Im Zentrum des angrenzenden Gartens paradiert schließlich die Figur des Perseus, der das gruselige Schlangenhaupt der von ihm getöteten Medusa emporreckt, dessen schauriger Anblick alles Lebendige in Stein verwandelt.
Aber die herzogliche Grottenhalle war natürlich nicht (nur) ein Ort erotisch motivierter Perfidie und mythologischer Zaubereien Ursprünglich befand sich im Westen des Hofs, der heute allein stehenden Grottenarchitektur gegenüber eine weitere Halle, die im 18. Jh. bei der Einrichtung neuer Gemächer vermauert wurde. Während auf der Ostseite eine etwas fragwürdige Moral herrschte, pochte das Bildprogramm der westlichen Loggia auf göttliche Ordnung und Bestrafung der Sünder: Es war Apollo geweiht, als Gott der Sonne und der Künste der Garant kosmischer Gesetze: Auf den umlaufenden Wandgemälden musste er selbst seiner ungebetenen Liebe für die keusche Nymphe Daphne entsagen und im Spiegel des Gewölbes trat er zwar den feurigen Sonnenwagen an seinen vorlauten Sohn Phaeton ab, der aber schon kurz darauf vom Göttervater mit dem Blitz zum unerwarteten Ausstieg gezwungen wurde.

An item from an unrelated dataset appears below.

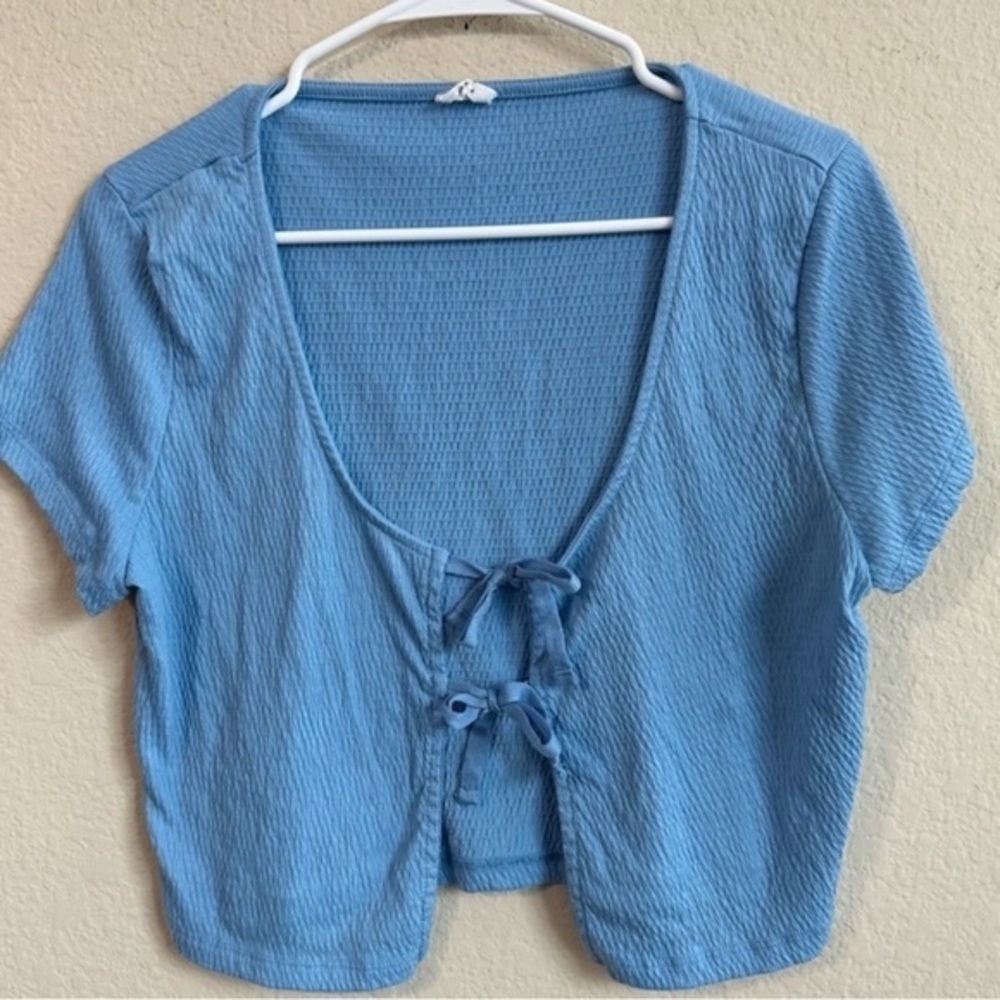 Cotton On Cardigan Blue Crop Short Sleeve Tie Front
Details Trendy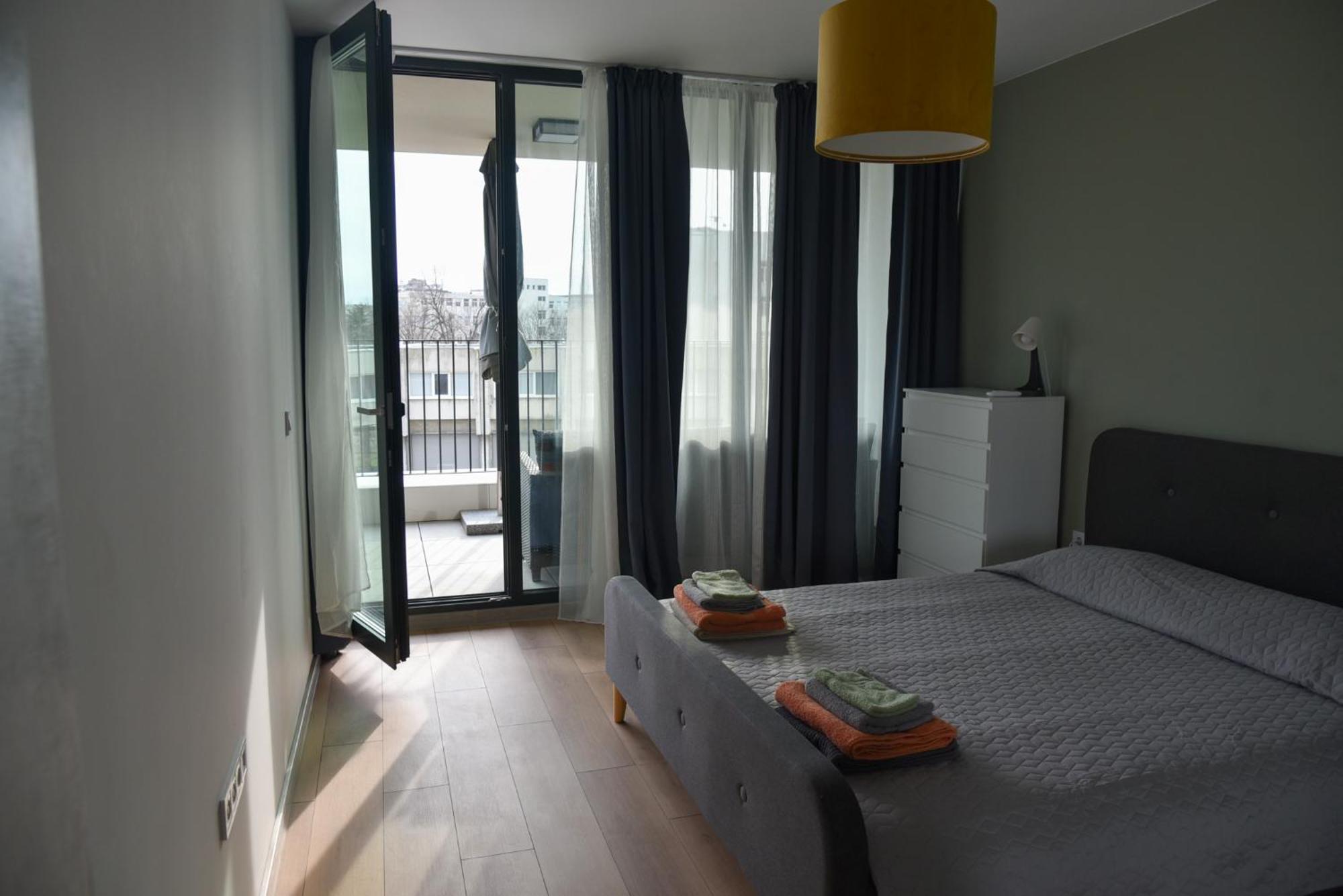 Sunlit Elegance Escape Apartment Varna Esterno foto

Seit ihrer Entstehung vor über 400 Jahren, vor allem nach der teilweisen Zerstörung der Hofarchitektur im Zweiten Weltkrieg haben die Malereien schwer gelitten. Stück für Stück werden nun die erhaltenen Reste des komplexen mythologischen Bildprogramms wieder sichtbar: Schon tauchen auf den vorbereitenden Zeichnungen unter Merkurs übergroßen Helm, der nach dem Krieg schemenhaft mit dem Pinsel über den lädierten Kopf „gestülpt“ wurde, die lüsternen Augen des Götterboten auf. Feinste Pinselstriche haben in tagelanger Arbeit die zahlreichen Fehlstellen in den immer noch überraschend großen Resten originaler Malfläche optisch geschlossen.Und natürlich höhlen wir „unseren Stein“ weiter – in der Hoffnung, unseren Besucherinnen und Besuchern einmal alle noch heute in der Grotte erhaltenen (Schand)Taten des frechen Merkur in restaurierter Farbigkeit zu präsentieren!